EXERCISE DETAILS: Pictures are to be left out. Copy exactly, and only, the lines from the start of the entries below to the line with "Avec Douche Privative", both included.

Start of DATA TO EXAMINE

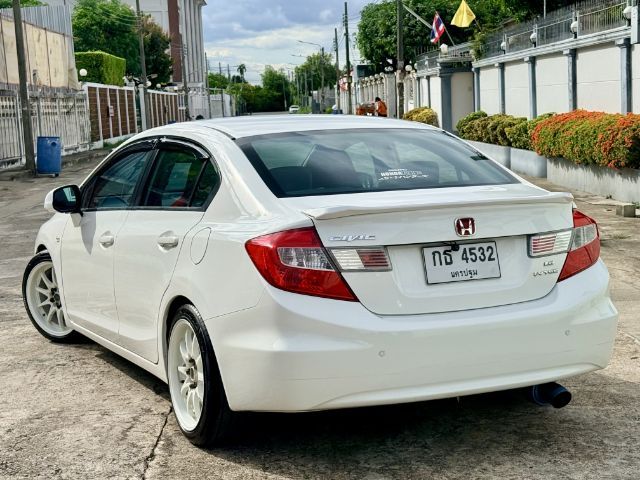 Honda Civic 2012 1.8 S i-VTEC Sedan เบนซิน ไม่ติดแก๊ส เกียร์อัตโนมัติ ขาว รูปที่ 3
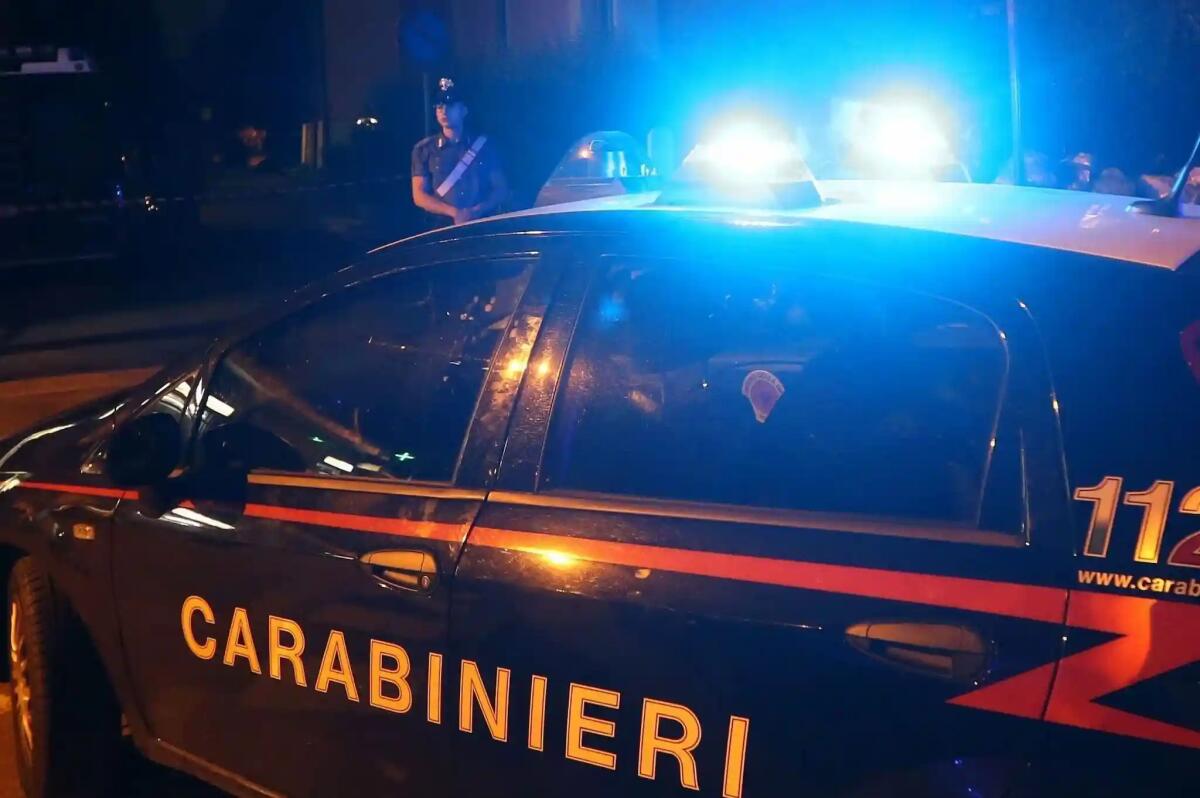 Ubriaco fradicio si schianta con l'auto e prende a pugni un carabiniere: arrestato 29enne tunisino - 
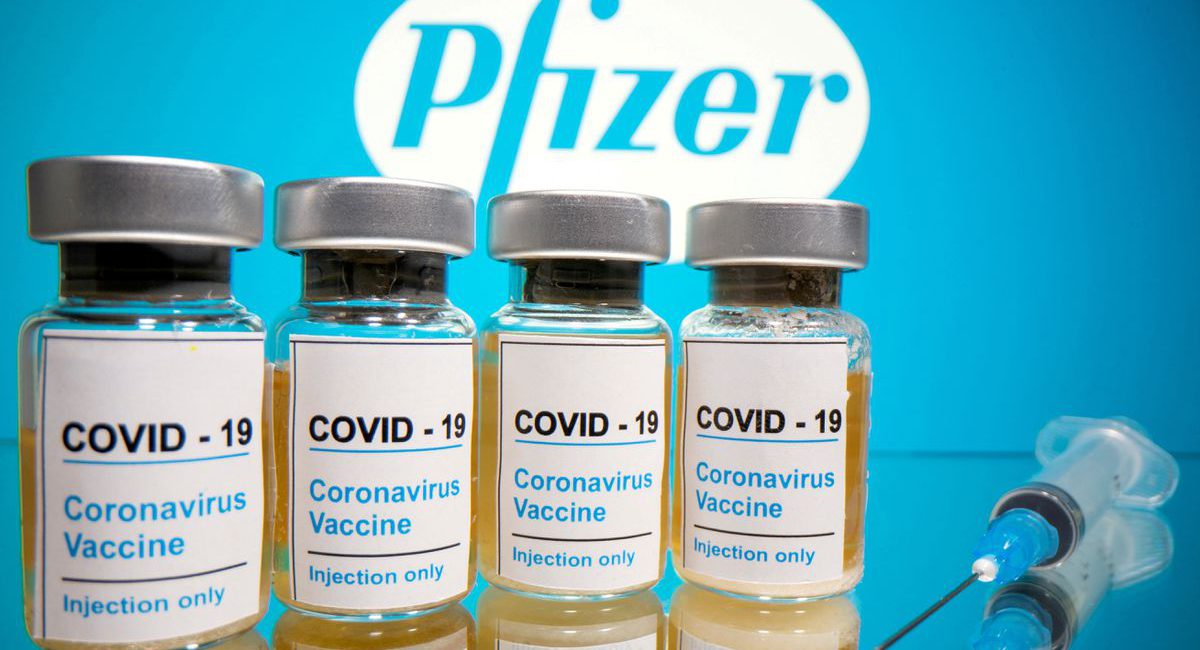 U.S. FDA, CDC see early signal of possible Pfizer bivalent COVID shot link to stroke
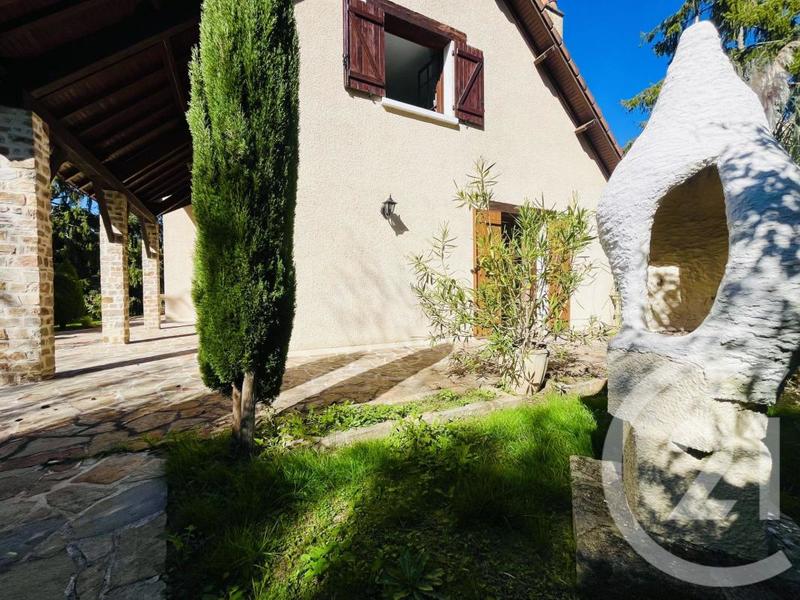 Maison - 216 m² - 7 pièces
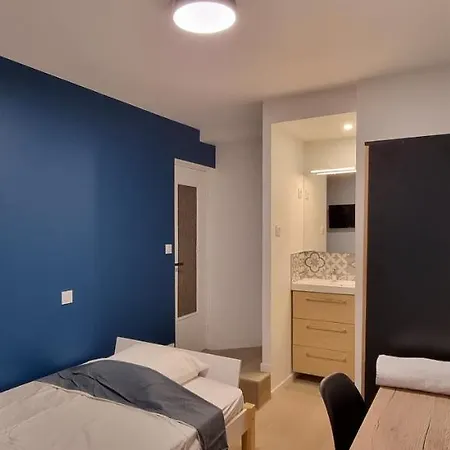 Avec Douche Privative Dans Partage - Metro - Wifi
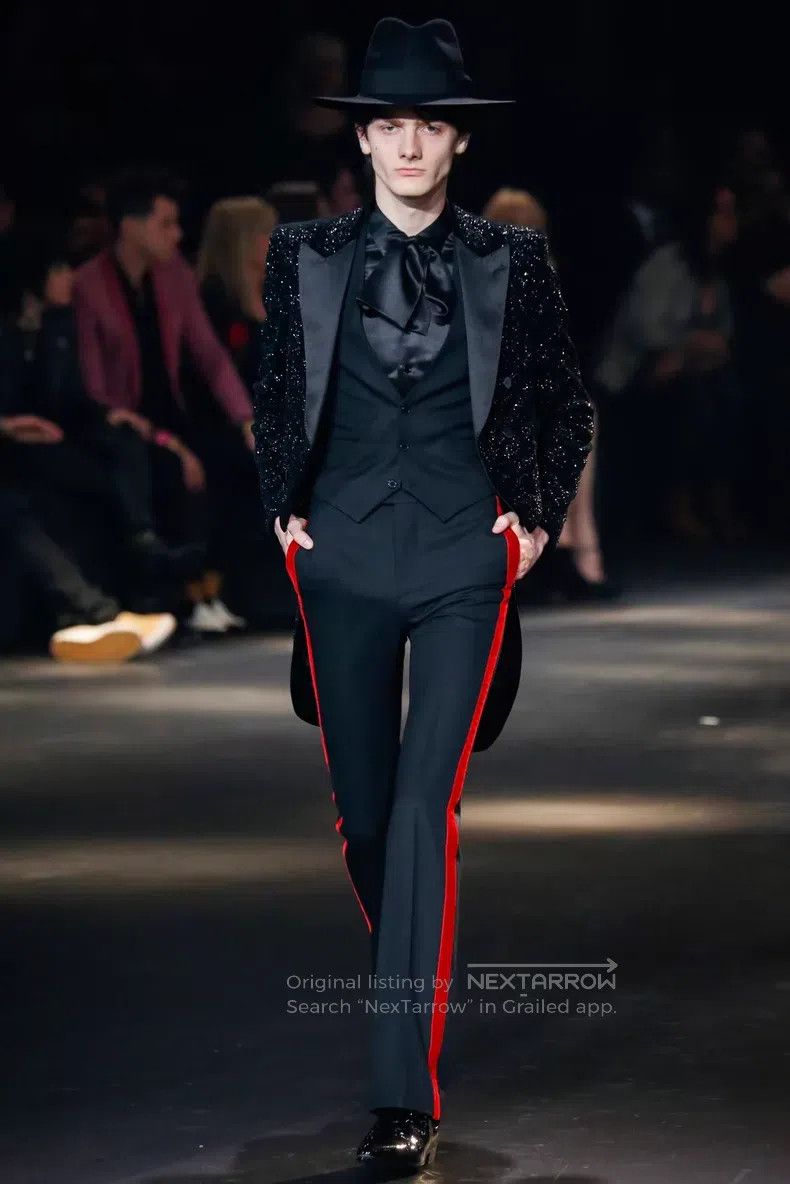 Saint Laurent Paris Saint Laurent Paris Satin Mulberry Silk Bow Tie Collar Shi Size XS / US 0-2 / IT 36-38 - 9 Thumbnail
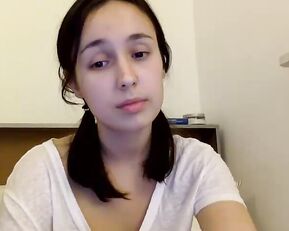 Cutepeachx nice teen brunette finger sweet pussy webcam show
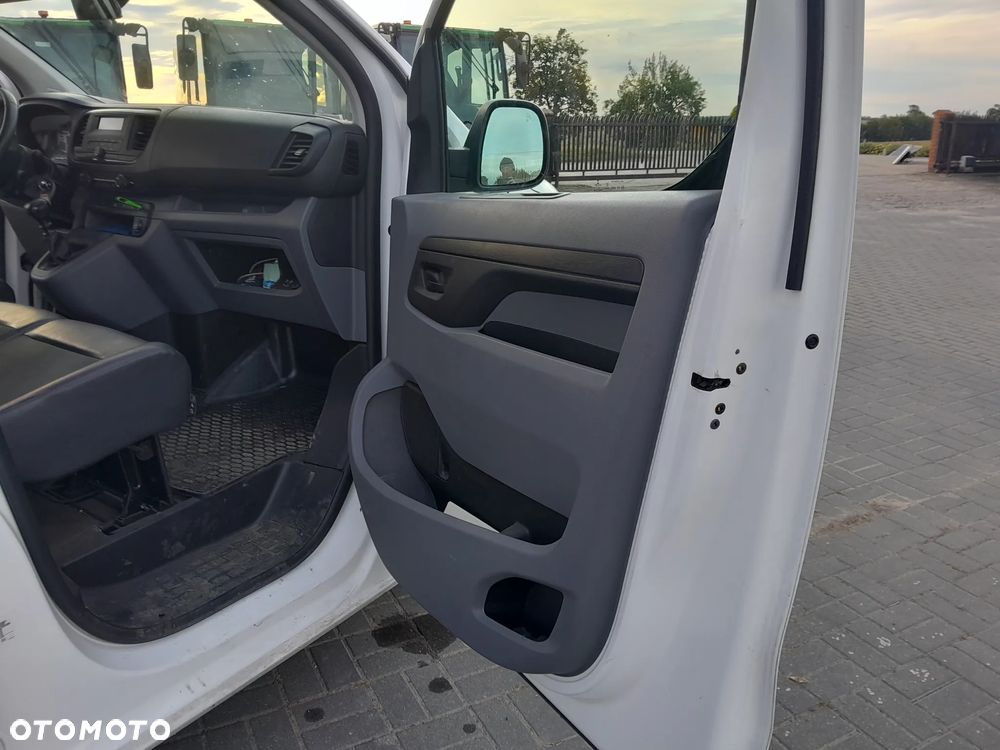 Opel Vivaro furgon - 13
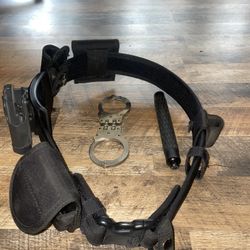 Nylon Duty Belt With Handcuffs And Baton 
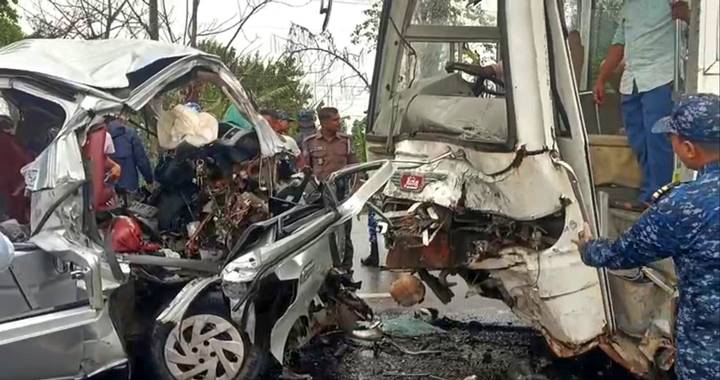 বাগেরহাটে বাস-মাইক্রোবাসের সংঘর্ষ, নিহত ১৩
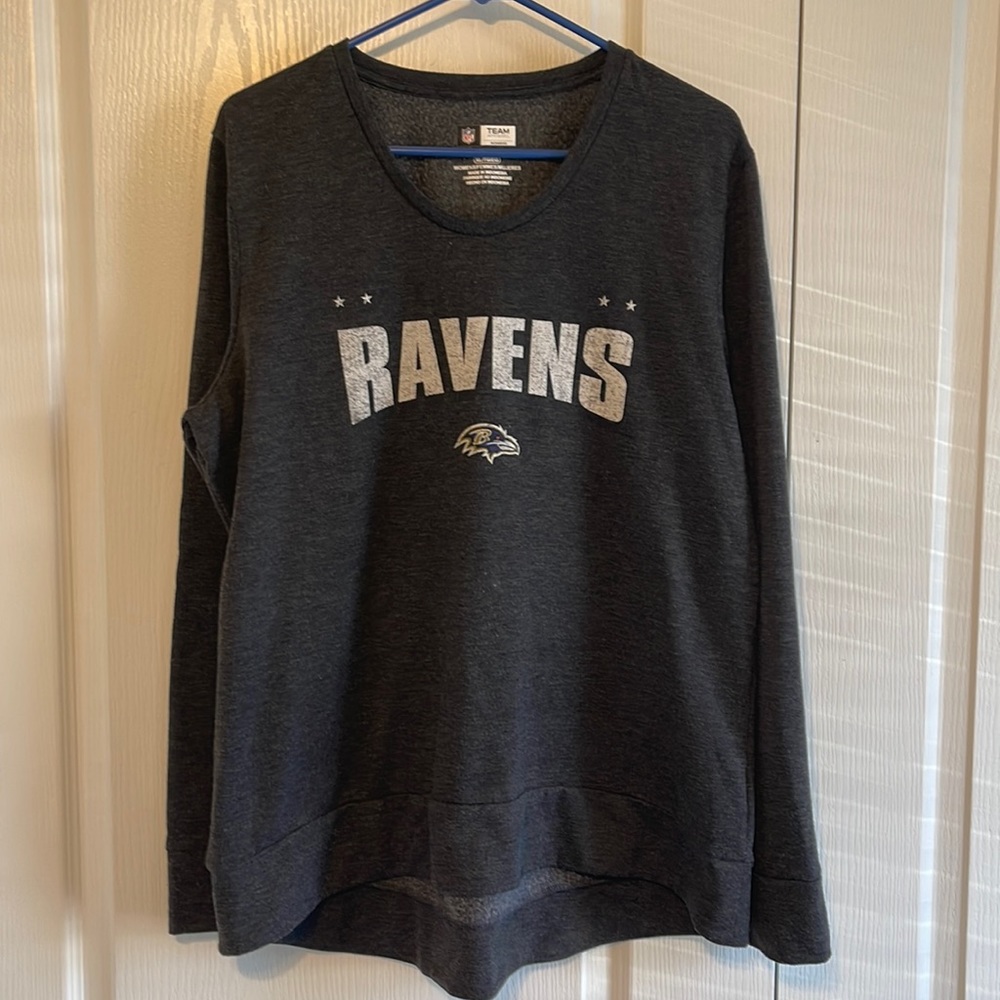 XL Baltimore Ravens hi-low sweatshirt. Super soft. GUC.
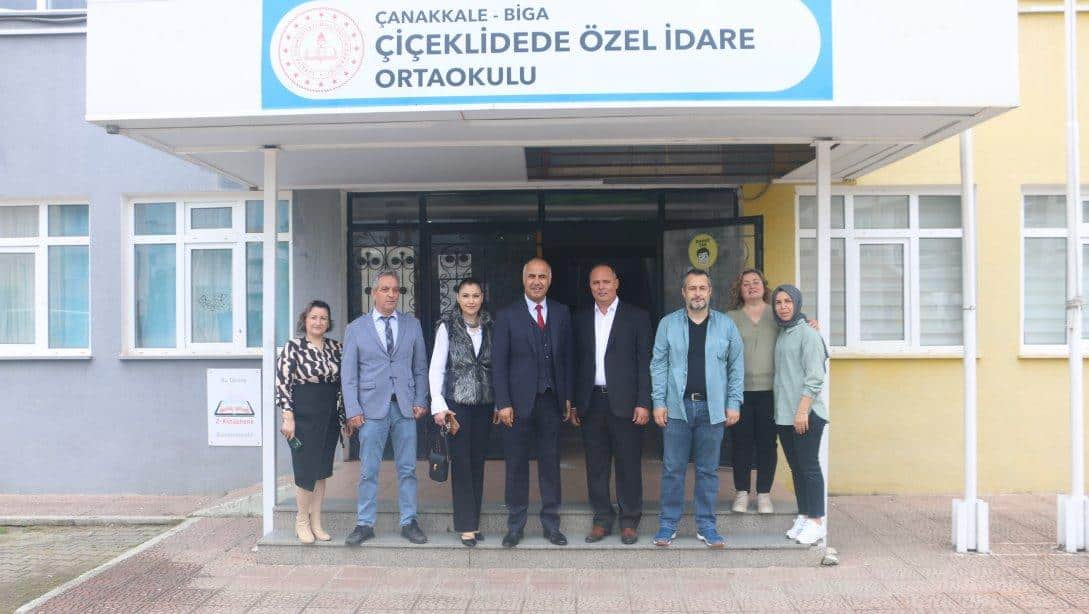 İlçe Milli Eğitim Müdürümüz Erkan Bilen Çiçekli Dede Özel İdare Ortaokulunu ziyaret etti.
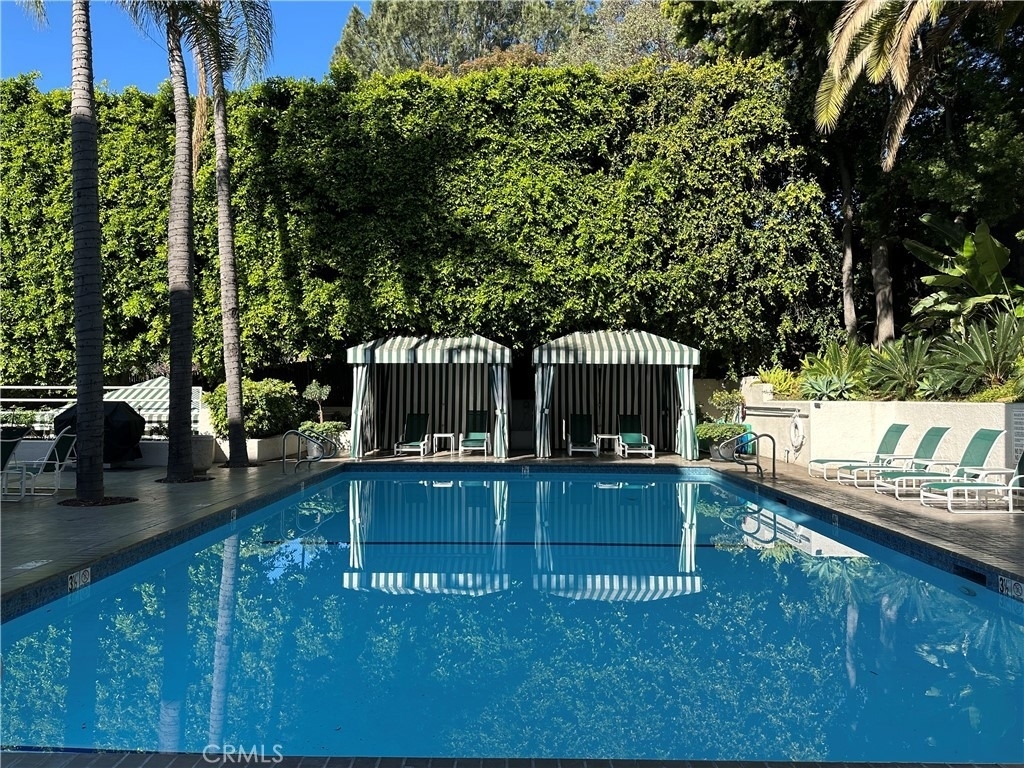 1131 Alta Loma Road - Photo 11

End of DATA TO EXAMINE

ANSWER TO THE EXERCISE:
 Honda Civic 2012 1.8 S i-VTEC Sedan เบนซิน ไม่ติดแก๊ส เกียร์อัตโนมัติ ขาว รูปที่ 3
 Ubriaco fradicio si schianta con l'auto e prende a pugni un carabiniere: arrestato 29enne tunisino - 
 U.S. FDA, CDC see early signal of possible Pfizer bivalent COVID shot link to stroke
 Maison - 216 m² - 7 pièces
 Avec Douche Privative Dans Partage - Metro - Wifi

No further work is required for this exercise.